Alta, muito alta, e branca, muito branca, de olhos verdes... Sonhei ter visto uma jovem assim? Terei sonhado ou sonhei que sonhava; não sei; essa moça devia ser irmã da árvore, que vi a vez primeira em noite de luar, erguendo para a noite azul os seus galhos unânimes. Mas de manhã, quando abri a janela, e o sol nascia sobre a Cordilheira, é que ela esplendeu em toda sua beleza.

Em muitos caminhos da Europa e do sul do Brasil vi essa árvore; é um álamo, e foram os álamos que inventaram todas as alamedas desse mundo. Em minha rua santiaguina também há muitos; mas o mais alto de todos, o mais forte em viço, em beleza, está junto à calçada, no meu jardim.

Sou um homem confuso e distraído; minha rua chama-se Roberto Del Río e na primeira madrugada, quando voltava para casa, disse ao chofer que morava em Roberto Del Mar. O velho chileno riu muito dentro de seu casaco escuro, atrás de seus bigodes brancos; mas quando chegamos à rua e ele me perguntou o número da casa não precisei puxar meu caderno de endereços para responder; apontei a mais de cem metros o meu álamo real.

Nenhuma árvore se lança com tanta veemência para o alto; lança-se o enorme tronco muito branco, lançam-se todos os galhos cobertos de folhas, num impulso de chama verde, vinte jatos de seiva partindo todos para cima, ao longo da mesma reta vertical.
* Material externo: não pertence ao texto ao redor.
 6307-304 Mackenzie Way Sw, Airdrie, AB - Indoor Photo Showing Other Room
Há um pinheiro estático e extático, há grandes salso-chorões derramados para o chão, e a graça menina de uma cerejeira cor de vinho, que o sol acende e faz fulgurar; mas o álamo junto do portão tem um vigor e uma pureza que me fazem bem pela manhã, como se toda manhã, ao abrir a janela, eu visse uma jovem imensa, muito clara, de olhos verdes, de pé, sorrindo para mim. 

Santiago, abril, 1955

Leia o comentário, do crítico Davi Arrigucci Júnior: 

“A crônica se situa bem perto do chão, no cotidiano da cidade moderna, e escolhe a linguagem simples e comunicativa, o tom menor do bate-papo entre amigos, para tratar das pequenas coisas que formam a vida diária, onde às vezes encontra a mais alta poesia. É exatamente essa a situação preferida das crônicas de Rubem Braga.”
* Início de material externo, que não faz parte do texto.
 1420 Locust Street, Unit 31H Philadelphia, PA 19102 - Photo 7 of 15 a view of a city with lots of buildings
Relacionando o comentário do crítico ao texto lido, é INCORRETO afirmar que
A
ao associar a beleza do álamo à beleza de uma jovem mulher, o cronista trata de “coisas que integram a vida diária”, convertendo-as em poesia, tal como prevê o crítico.
B
a referência ao motorista chileno é, dentre outros, um indício de que “Árvore” focaliza o cotidiano de uma cidade moderna.
C
a simplicidade da linguagem a que se refere Arrigucci é constatável em todo o texto de Braga.
D
ao mencionar o “tom menor do bate-papo entre amigos”, o crítico se refere ao emprego de diálogos, tais como o do narrador com o motorista de táxi em “Árvore”.